To reavaliando , reaprendendo que somos os únicos responsáveis por nossas escolhas. E isso desde bem novos. Não adianta culpar, somos sim. Mas não é tão fácil fazer uma autoanalise e admitir isso. Só que tem horas que temos realmente que pegar os remos nas mãos, senão o barco vai dar lá no precipício, vai bater nas rochas, ou mesmo afundar. Chega um momento na vida, que o "mimimi" e "nhenhenhe" tem que ficar pra trás, e a gente precisa ser autor da própria história.
Sou carioca. Amo meu Rio, suas praias e belezas naturais. Tenho 37 anos de orgulho deste calor, do céu tão azul, da gente simpática que nasce aqui. Gosto do sotaque desse povo, e de dizer: "Sou Carioca da Gema". Desde pequena, sou apaixonada pelos pontos turísticos da cidade e encantada pelo Pão de Açúcar. Quando meus pais falavam e apontavam para os dois morros, eu pensava que lá em cima, as nuvens eram de algodão doce. Que tudo era muito gostoso, que tinha creme, doce de leite e balinhas por cima!

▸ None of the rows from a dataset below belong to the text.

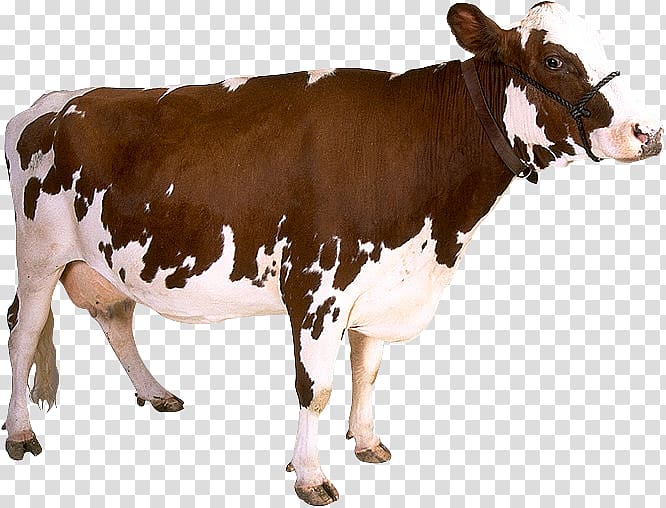 Dairy cattle Calf Baka cow, cow transparent background PNG clipart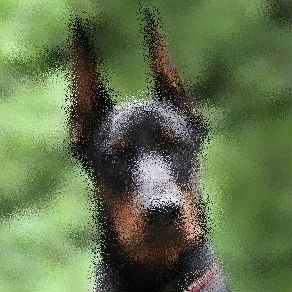 這是張 Sampson 的照片!抱歉這可能有點模糊。 goodboy.jpg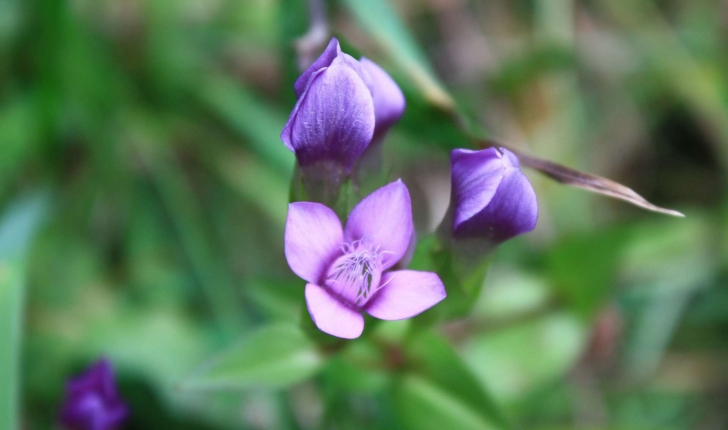 Gentianella campestris ((L.) Börner, 1912)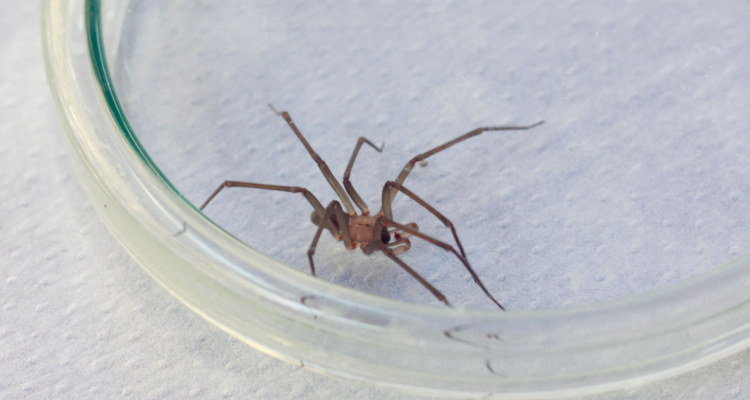 Araña de rincón la araucanía seremi de salud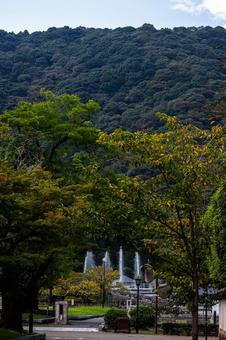 吉香公園 吉香公園 自然,山口県,岩国市の写真素材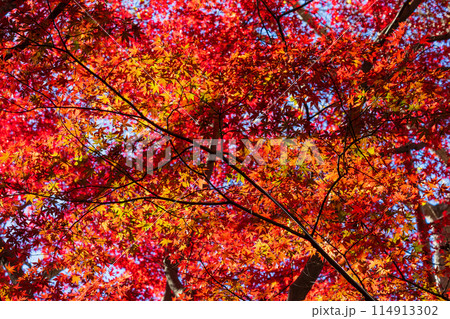 古都鎌倉の秋 紅葉の獅子舞の谷 古都鎌倉の秋 紅葉の獅子舞の谷 114913302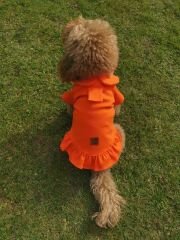 Bi Dolap Ponçik Cute Girl Turuncu Yumuşak Dokulu Kumaş Kedi Köpek Kıyafeti & Tişört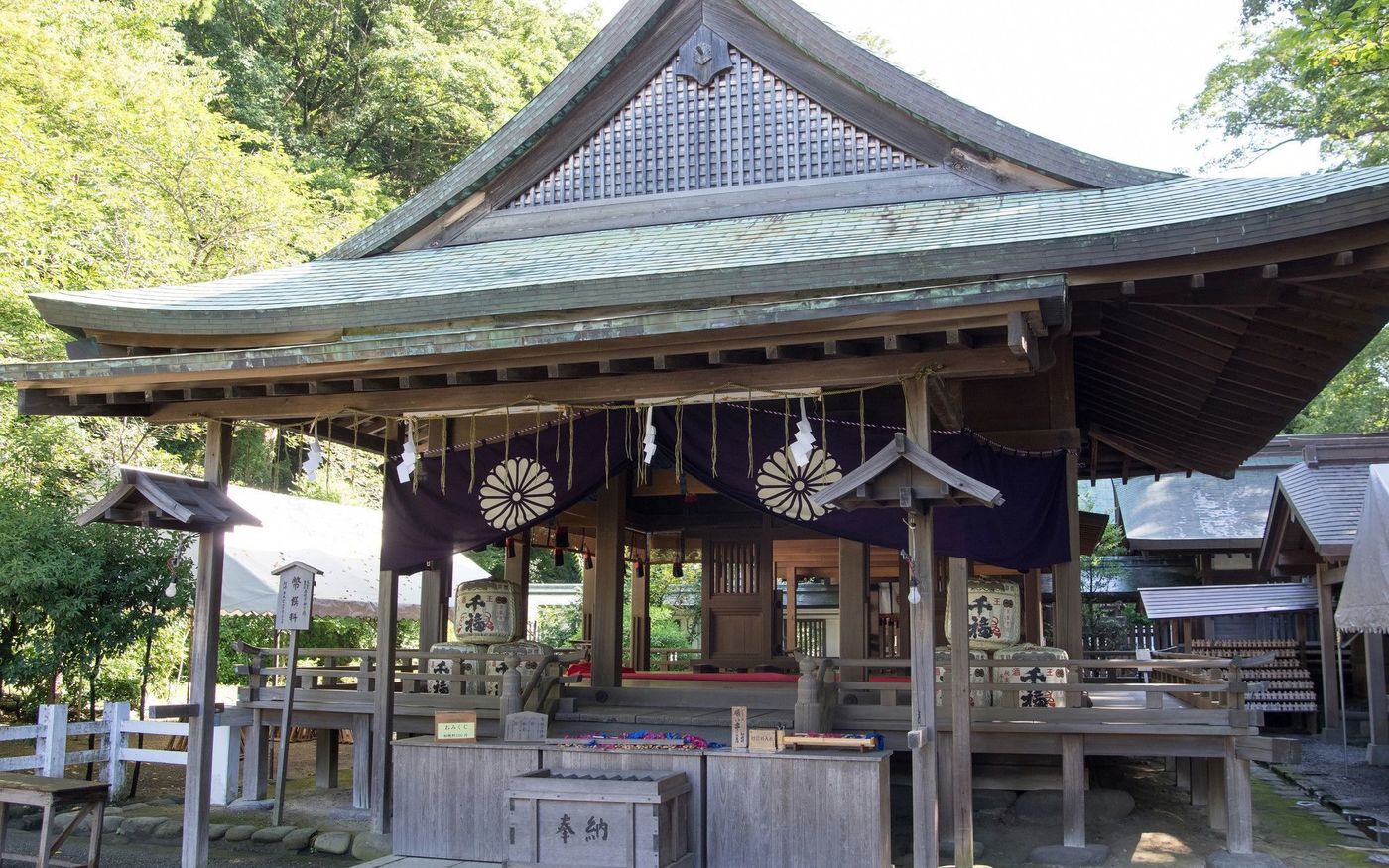 の画像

O tempo passou, e descobri que as nuvens não eram doces, mas que a natureza que abrigava o bondinho era majestosa, perfeita, digna de ser um dos cartões postais mais lindos do mundo todo! Difícil saber de uma criança do Rio, que nunca desenhou em azul, marrom e verde as belezas desse Pão adocicado!
No entanto, o absurdo dessa história é que apesar de todo o encantamento, só subi o bondinho no final do ano passado, à noite. Já tinha 37 anos. E porquê? Ah, eu culpava tudo... família, marido, namorado, filho, tempo,dinheiro... Não queria ir sozinha, esperava, esperava, esperava...
Há algum sentido nisso? Não vejo. Tenho 2 pernas, trabalho e sou capacitada a andar sozinha. Usei a minha capacidade, vontade ou pelo menos bom senso? Tanto tempo desejando algo tão dentro das minhas possibilidades e simplesmente não fiz. Não fiz por muitos anos, espelhando nisso muitos outros atos.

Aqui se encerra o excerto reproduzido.